▶ _THE INPUT_:
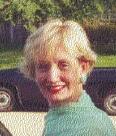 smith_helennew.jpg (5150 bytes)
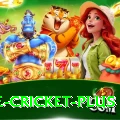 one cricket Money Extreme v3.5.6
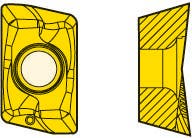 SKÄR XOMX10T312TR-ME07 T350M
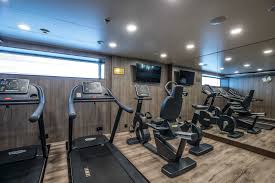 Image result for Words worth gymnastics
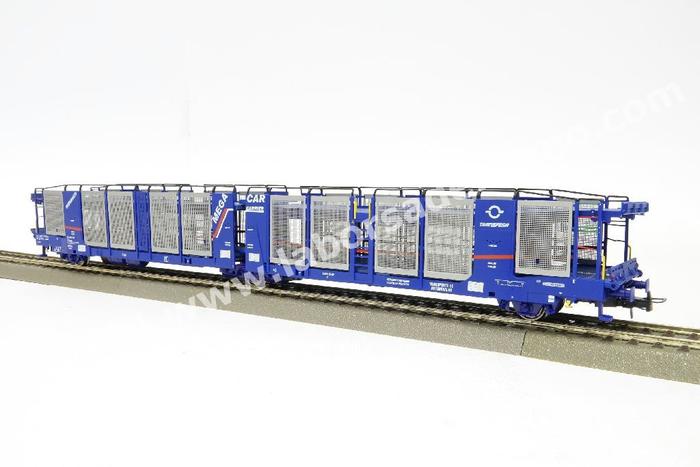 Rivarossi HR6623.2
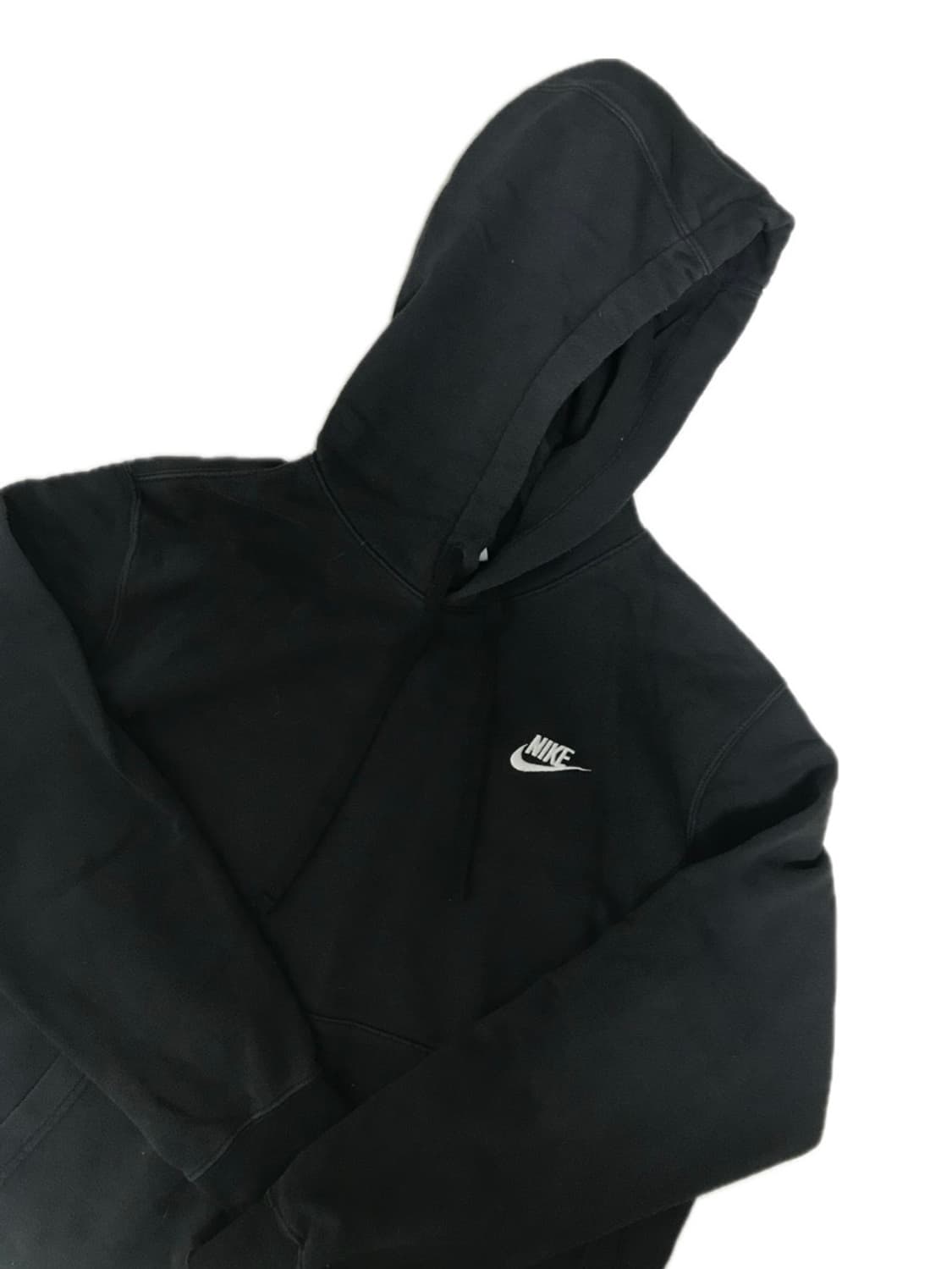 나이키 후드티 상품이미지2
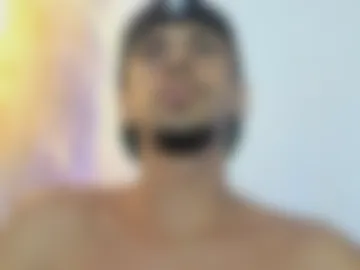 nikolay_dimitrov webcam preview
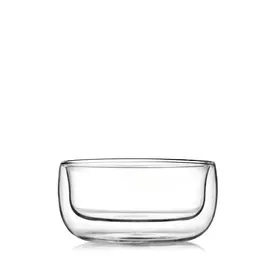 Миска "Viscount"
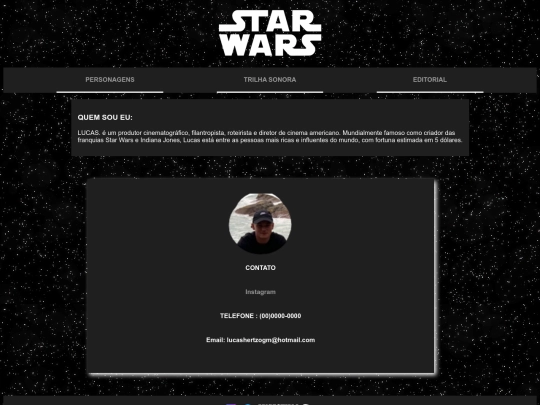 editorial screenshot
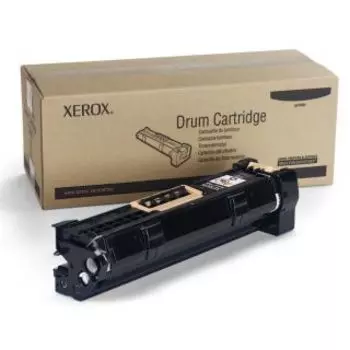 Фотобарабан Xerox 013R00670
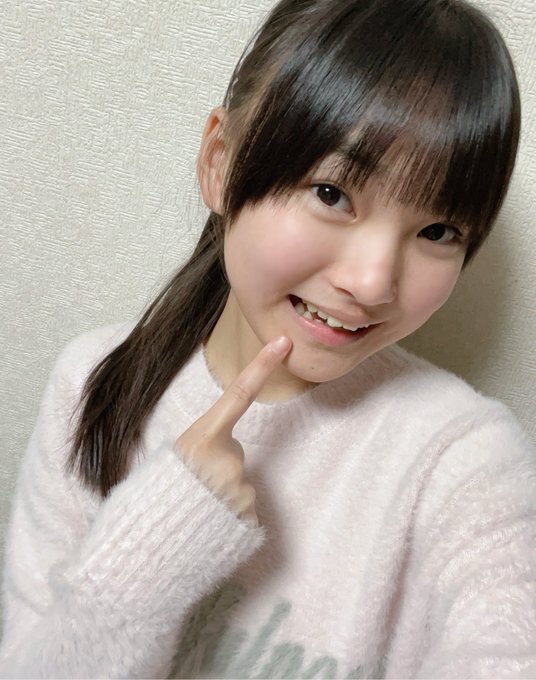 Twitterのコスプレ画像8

* * *

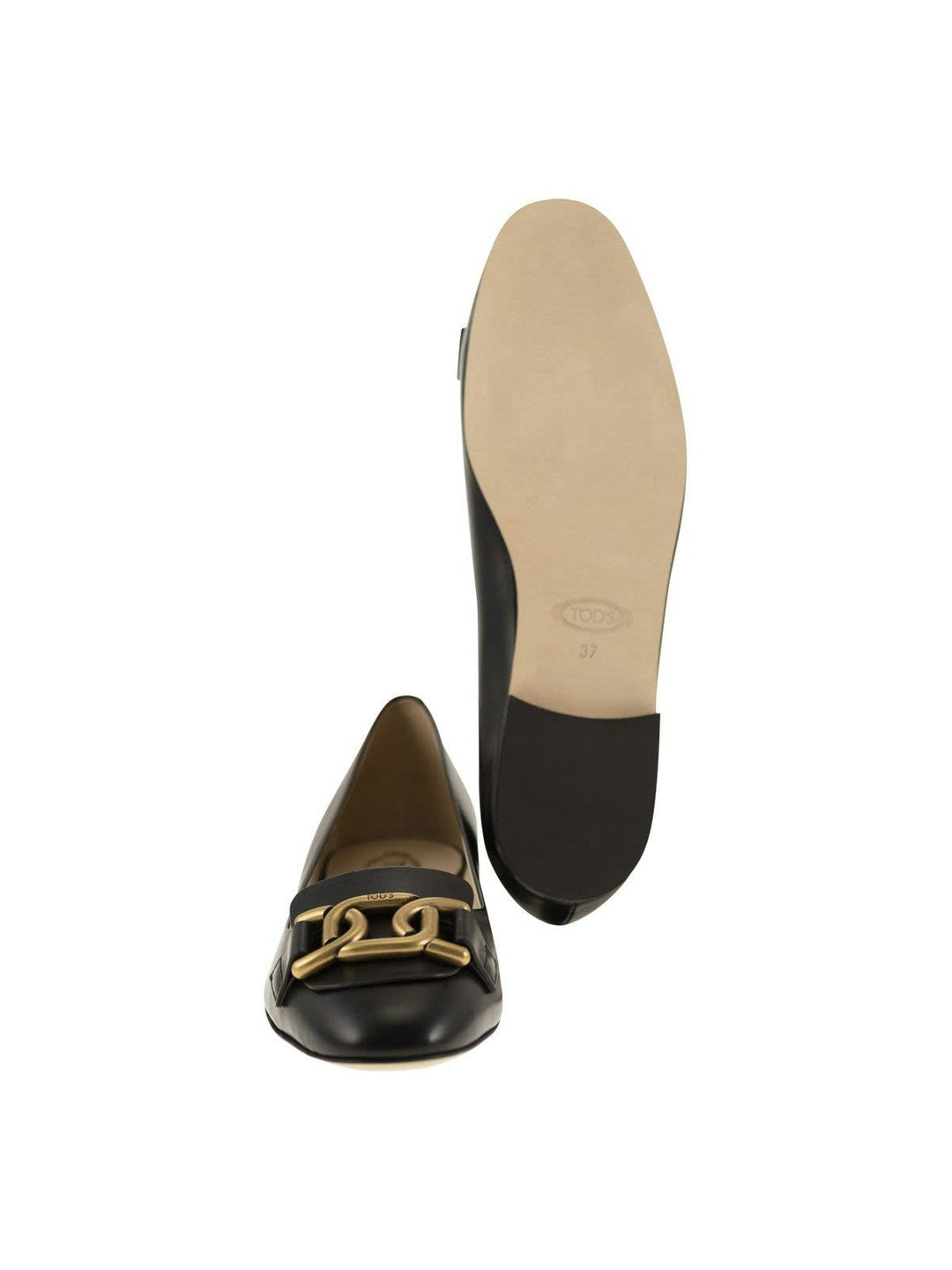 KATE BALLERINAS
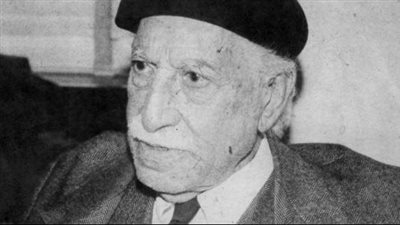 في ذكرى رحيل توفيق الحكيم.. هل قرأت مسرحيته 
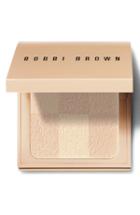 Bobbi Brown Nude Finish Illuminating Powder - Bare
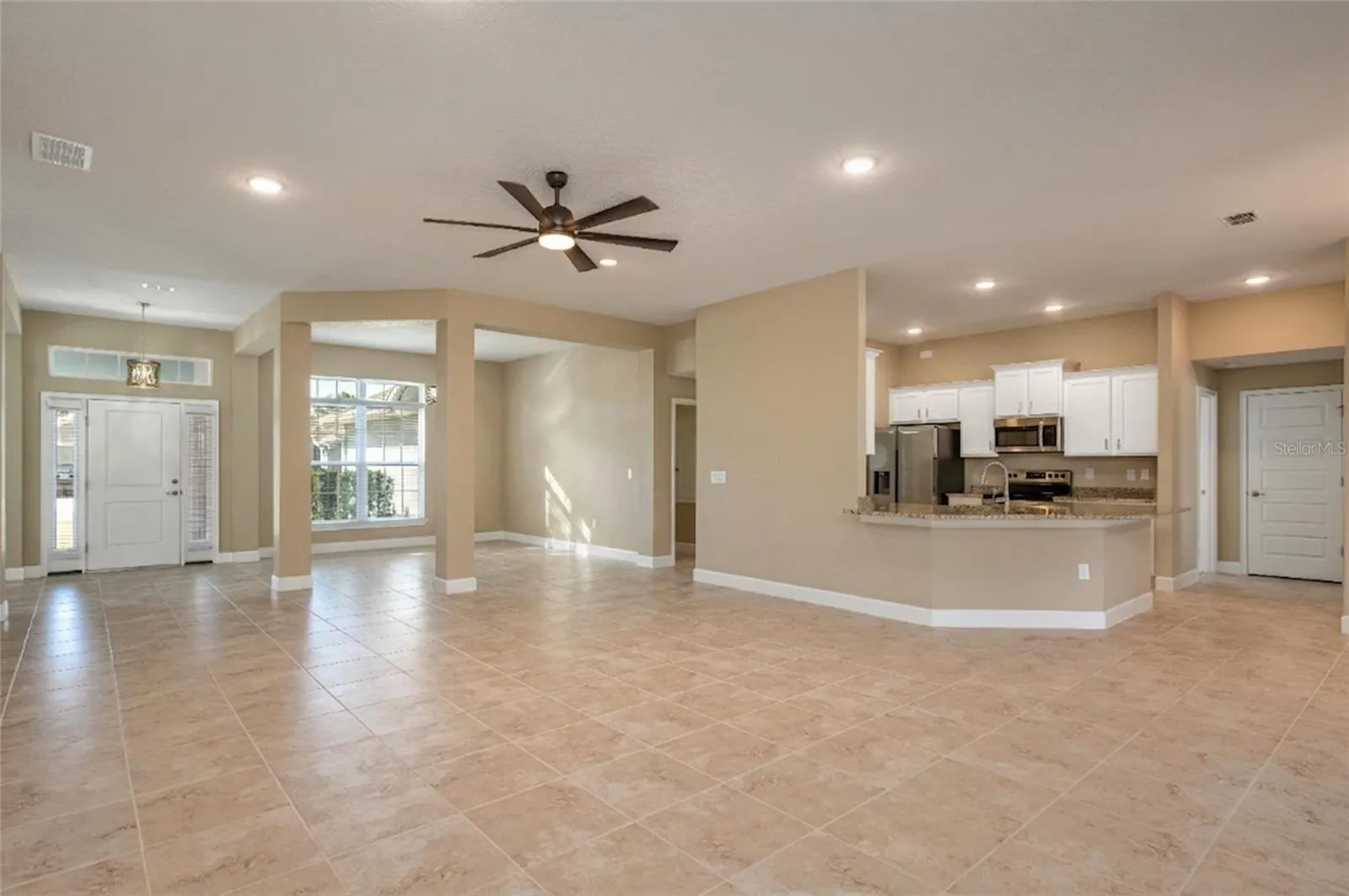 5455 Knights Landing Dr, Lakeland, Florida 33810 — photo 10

--

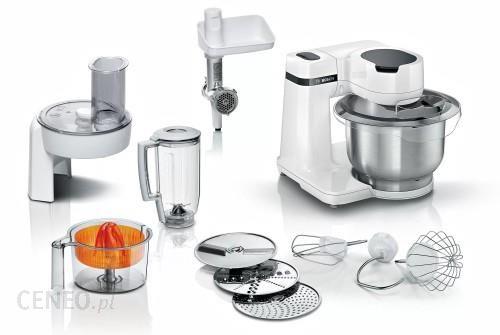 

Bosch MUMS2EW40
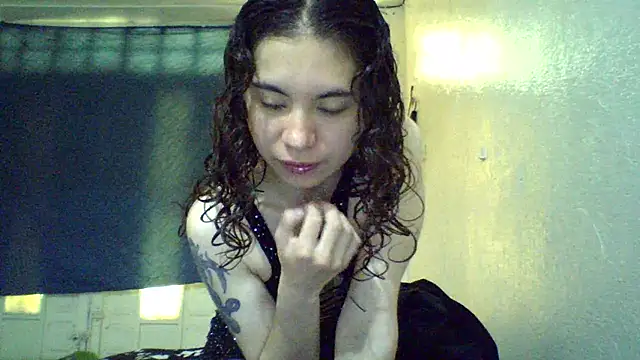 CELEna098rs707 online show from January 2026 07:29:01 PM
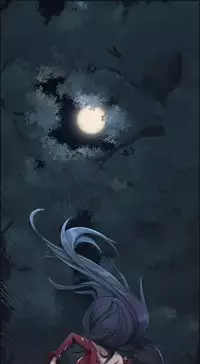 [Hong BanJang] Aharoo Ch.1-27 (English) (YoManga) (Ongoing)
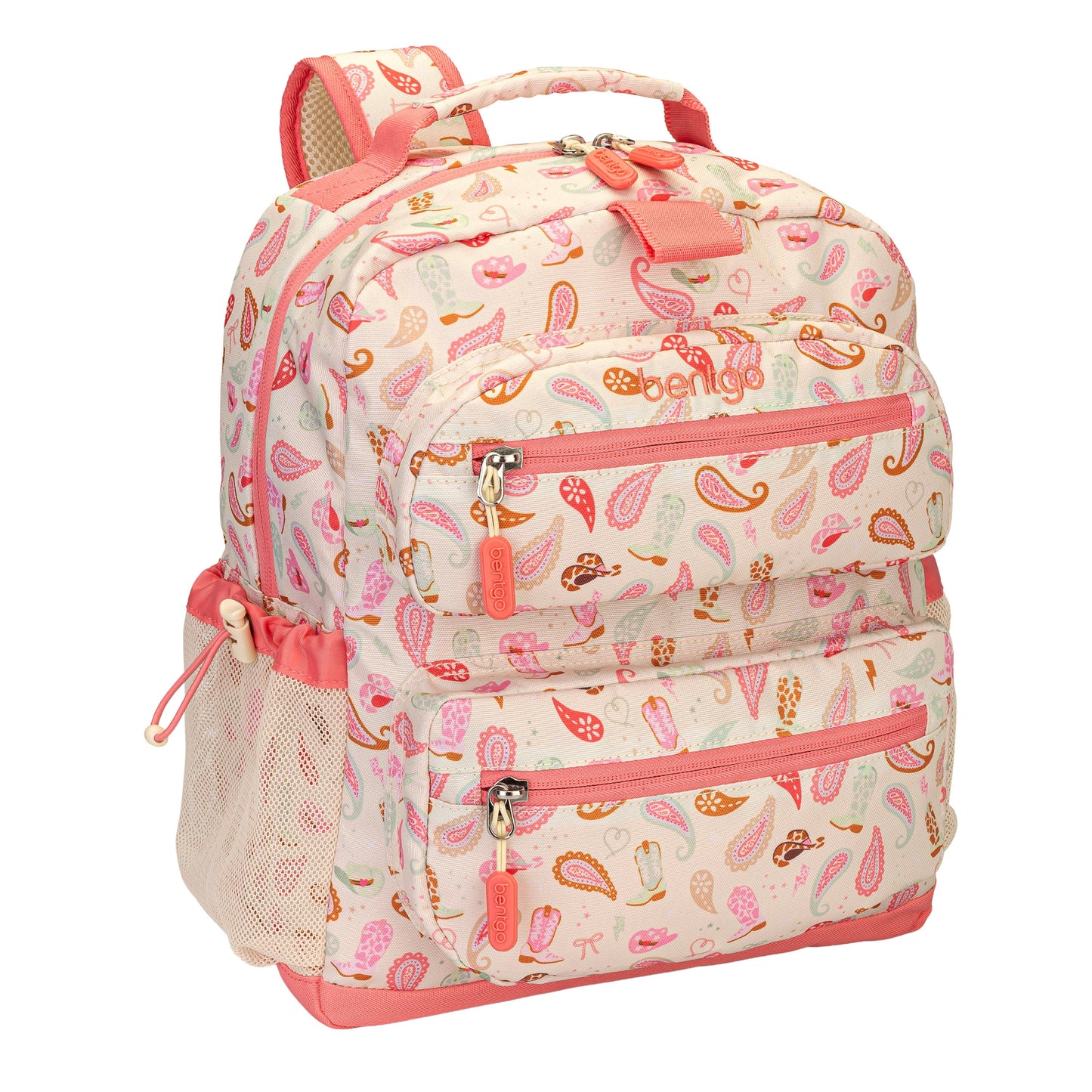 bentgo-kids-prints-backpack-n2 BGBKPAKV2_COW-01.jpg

▶ _DIRECTIONS_:
Your answer should consist of the lines above between those holding "smith_helennew.jpg (5150 bytes)" and "Twitterのコスプレ画像8", inclusive, reproduced word for word and without pictures.

▶ _SOLUTION FOR THIS PROBLEM_:
 smith_helennew.jpg (5150 bytes)
 one cricket Money Extreme v3.5.6
 SKÄR XOMX10T312TR-ME07 T350M
 Image result for Words worth gymnastics
 Rivarossi HR6623.2
 나이키 후드티 상품이미지2
 nikolay_dimitrov webcam preview
 Миска "Viscount"
 editorial screenshot
 Фотобарабан Xerox 013R00670
 Twitterのコスプレ画像8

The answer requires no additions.